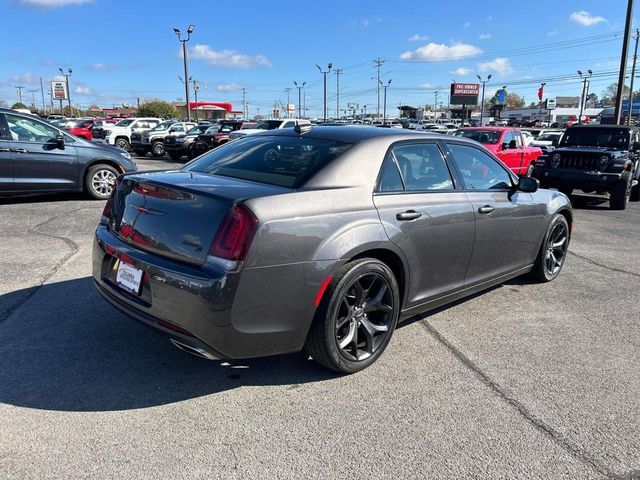 2022 Chrysler 300 300S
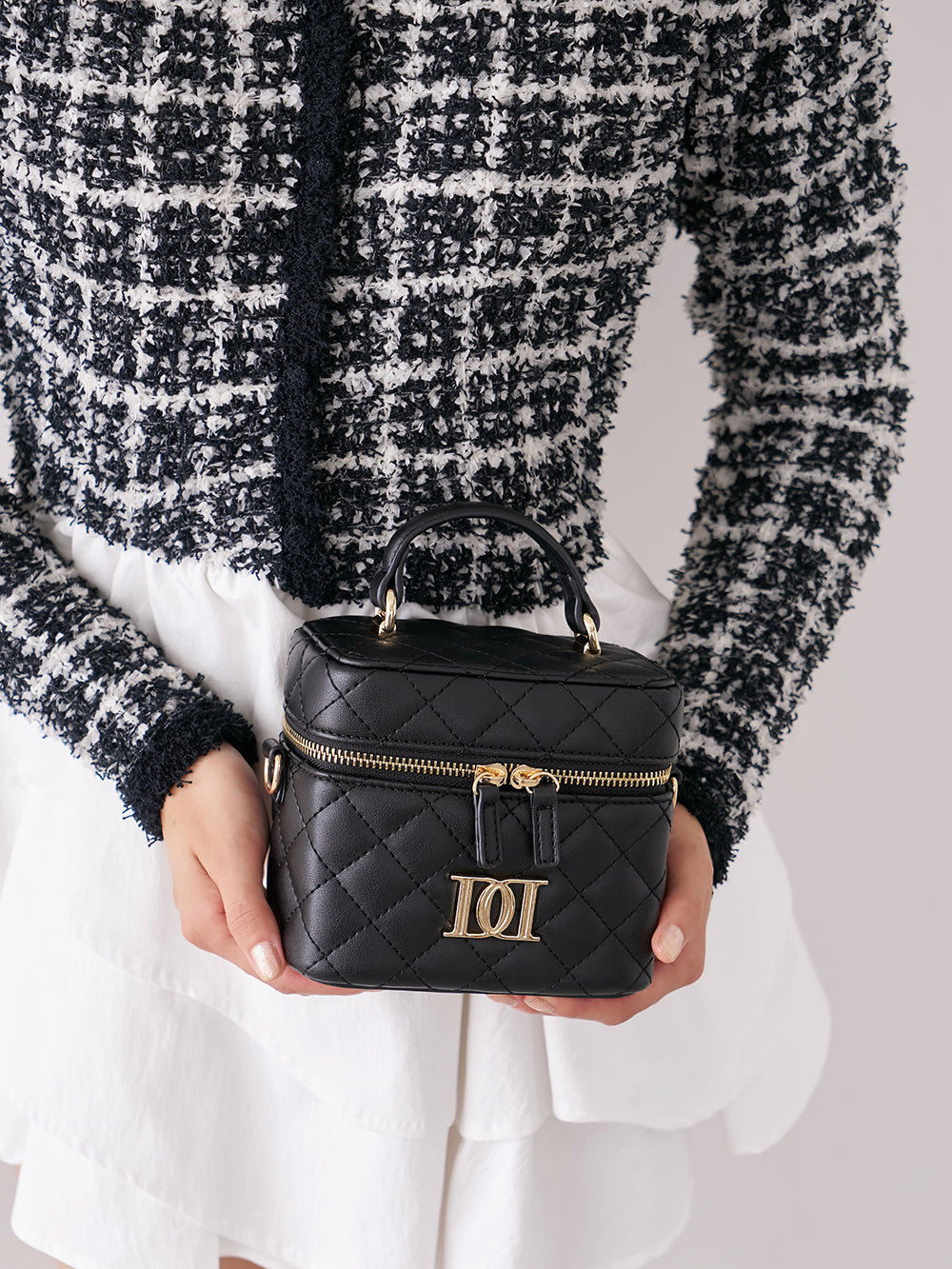 予約商品】【ゴールドパーツ】キルティングスクエアミニバッグ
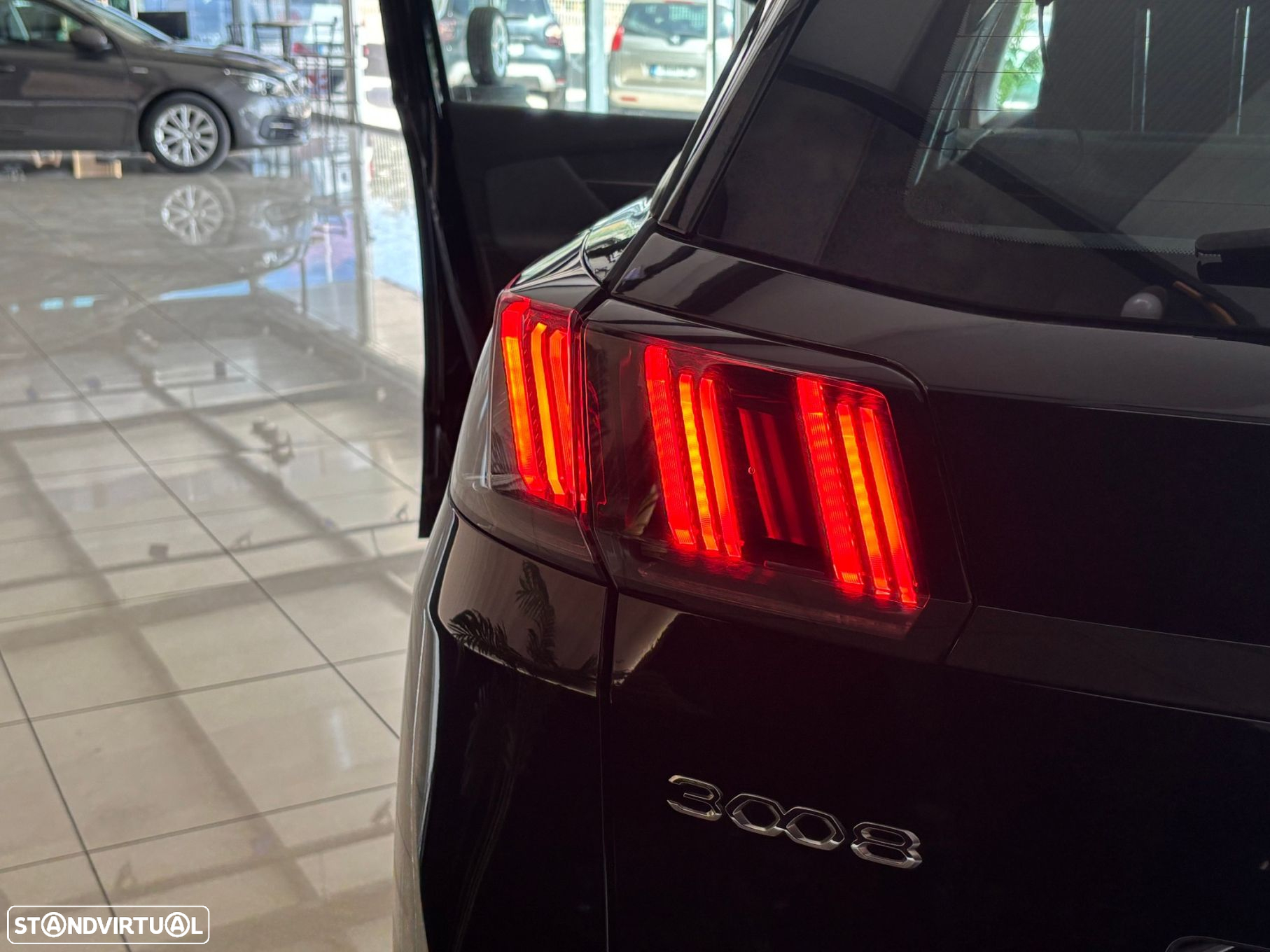 Peugeot 3008 1.5 BlueHDi Active - 21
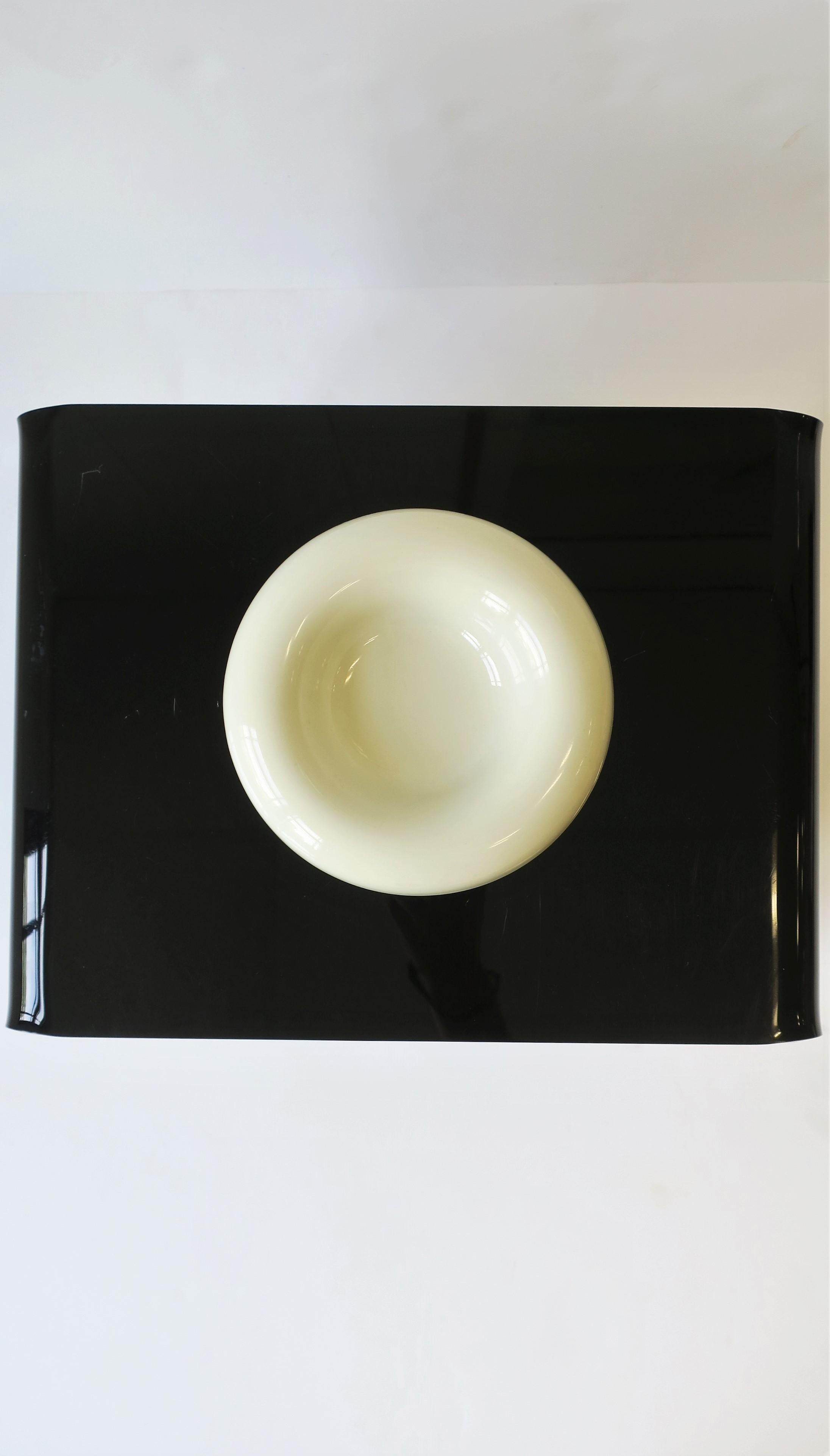 Postmodern Ceramic Bowl, ca. 1980s For Sale 2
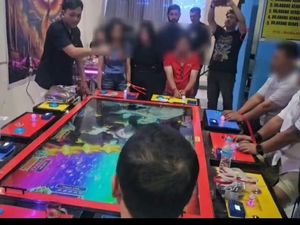 Detik-detik Polisi Gerebek Tempat Judi Berkedok Timezone di Jakbar-Jakut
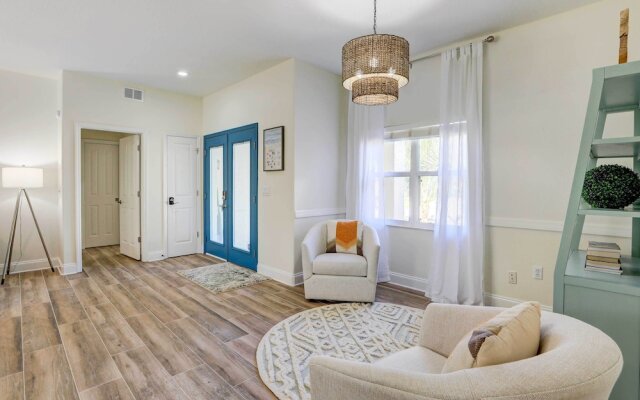 Sunny Bradenton Home w/ Lanai & Screened Pool!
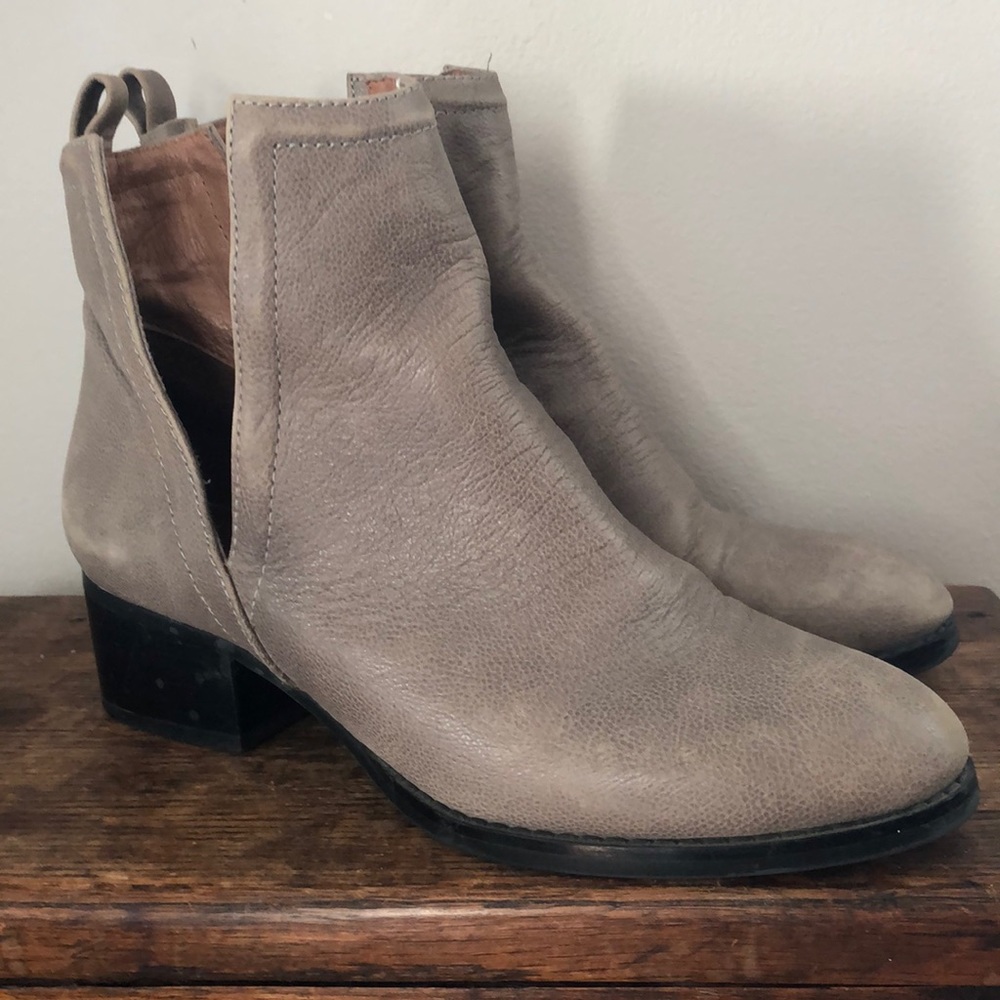 Jeffrey Campbell Oriley leather cut out ankle boot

■ **What is expected**:
Could the entries above be restated word for word, with the pictures left out?

■ **Answer for the task**:
 2022 Chrysler 300 300S
 予約商品】【ゴールドパーツ】キルティングスクエアミニバッグ
 Peugeot 3008 1.5 BlueHDi Active - 21
 Postmodern Ceramic Bowl, ca. 1980s For Sale 2
 Detik-detik Polisi Gerebek Tempat Judi Berkedok Timezone di Jakbar-Jakut
 Sunny Bradenton Home w/ Lanai & Screened Pool!
 Jeffrey Campbell Oriley leather cut out ankle boot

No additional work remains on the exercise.